Feeding online consumerism

Almost everyone in my generation has been exposed to the world of online shopping. This could be coined as the age of Amazon.

Why is this? Several things are the cause of it. First of all—and this is possibly the most obvious of reasons—we are in the age of technology.

Everything that many of us have ever known has centered around technology. When I was younger, I remember the dial-up connection that helped my family and me stay connected to the world. Online shopping was not very prominent with anyone back then simply because the slow connection would not allow it. As the need for a faster connection grew, so did the need for more opportunities to use that connection to its full potential.

Thus, online shopping was born. It has been a struggle though; from looking at listings from third parties with the help of search engines to the global market we find present today.

Everything seems to be cheaper when it is purchased online—or so consumers are led to believe. As long as consumers research and add up shipping and taxes, they can take advantage of a great deal without having to leave the comfort of their living rooms. They only have to wait a few days to reap the rewards.

This also helps the struggling postal system. The USPS has been on the cusp of extinction for a long time. With the rise of technology, such as the ability to pay bills online or to email a friend, the USPS lost a huge bulk of their revenue.

Many parties who buy and sell online use the USPS to have things shipped and delivered. This gives the USPS a leg to stand on, although the struggle to stay afloat is still present.

Now comes the psychological side of things. I cannot tell you how excited I am when I check my mailbox everyday to see if the object I ordered has arrived. I am not sure why I feel anxious, but sometimes I will find myself thinking, “Maybe my new phone case came in today,” and I get excited about the possibility that it is sitting in my mailbox.

With bidding sites like eBay, the power is given directly two the two parties that control the price.
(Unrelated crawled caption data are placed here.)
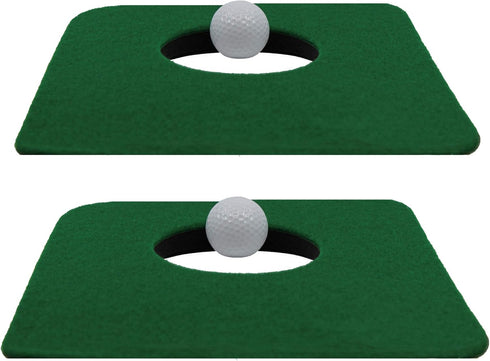 Upstreet Golf Putting Matt for Indoors, Mini Golf Set - Includes Two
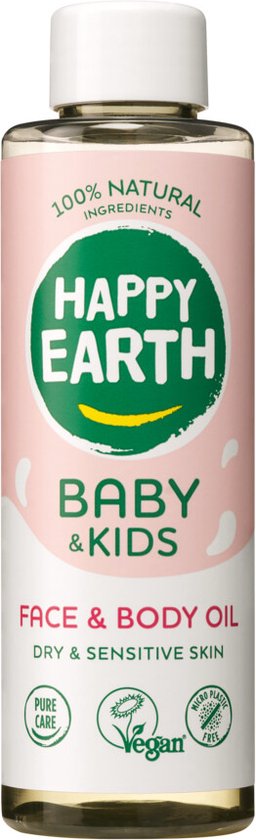 Happy Earth Face & Body Oil 100% Natuurlijk Baby & Kids 150 ml van Happy Earth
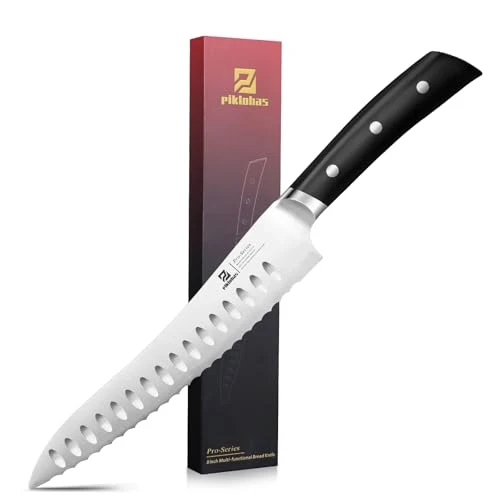 Professional Resharpenable Bread Knife for Homemade Bread Lightweight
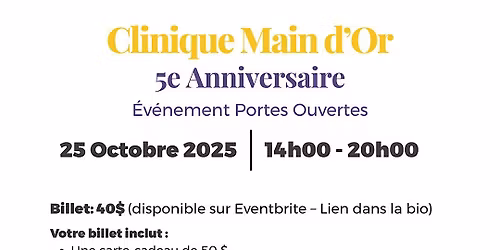 Clinique Main d'Or Portes Ouvertes - Main d'Or clinic open doors event
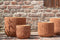 J-Line bloempot Ruw - keramiek - terracotta - small - Ø 15.50 cm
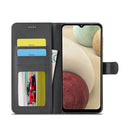 For Samsung Galaxy M53 5G LC.IMEEKE Calf Texture Leather Phone Case(Black)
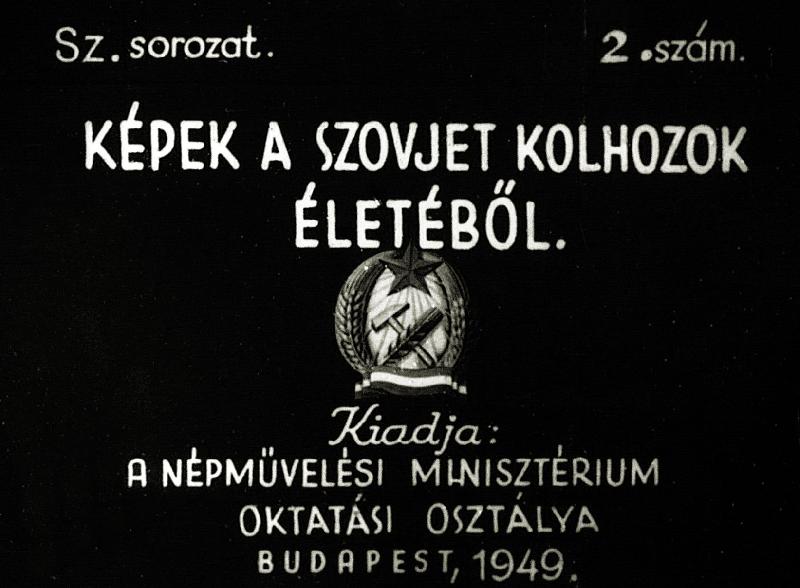 Képek a szovjet kolhozok életéből 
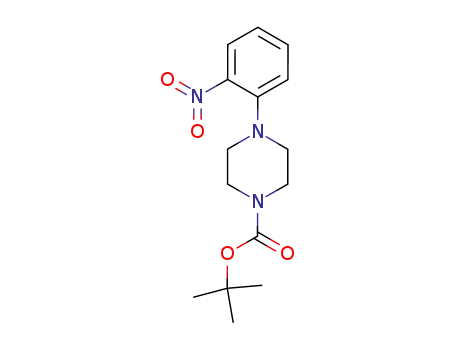 Molecular Structure of 170017-73-9 (1-TERT-BUTOXYCARBONYL-4-(2-NITROPHENYL)PIPERAZINE)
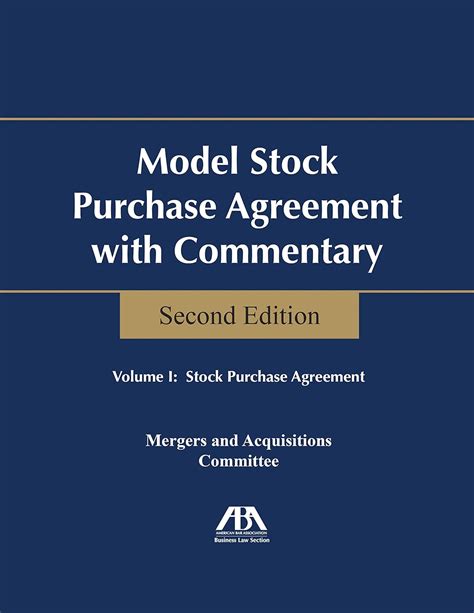 model stock purchase agreement with commentary 2 volume set Doc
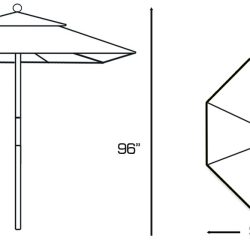 Galtech 132 Patio Umbrella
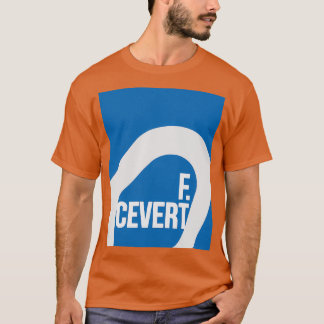 FCevert Helmet Left Side Blue Graphic  T-Shirt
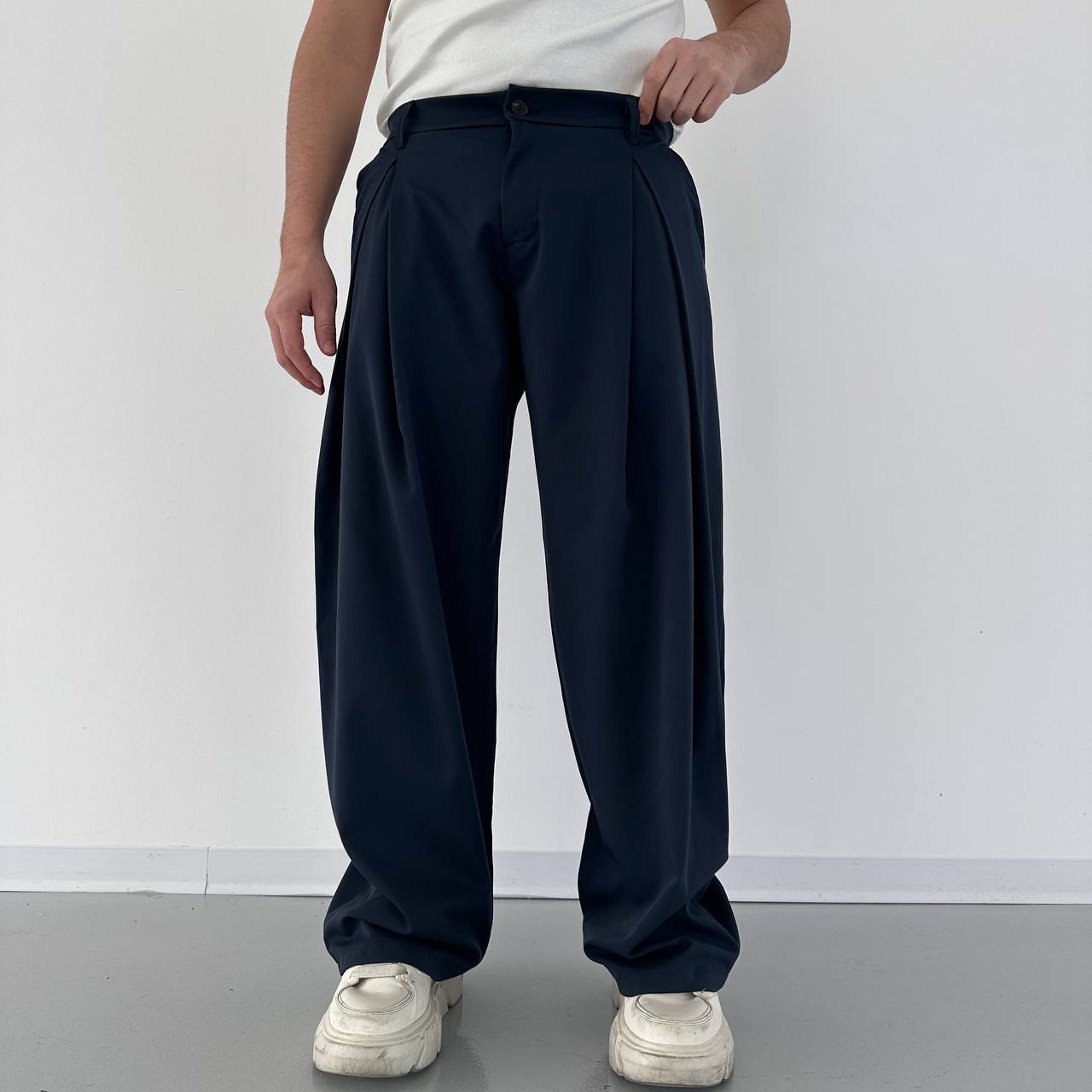 Pantalone Balloon Blu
Bidders can choose to bid on an object they desire, and since most bids start in the lower price range, people are more likely to return to bid again…and again…and again.

Let’s face it. There is an addictive rush in bidding and winning an auction.

It all boils down to two things: consumerism and technology. We, can choose to bow down to these needs to win bids or buy material objects that seem to be at a discounted price, or we can moderate the intake of our possessions.

While online shopping has its benefits, there can be downfalls. Providing credit card information is risky everywhere—especially when you don’t know who is watching. How much are we willing to put on the line for that next hot, new deal?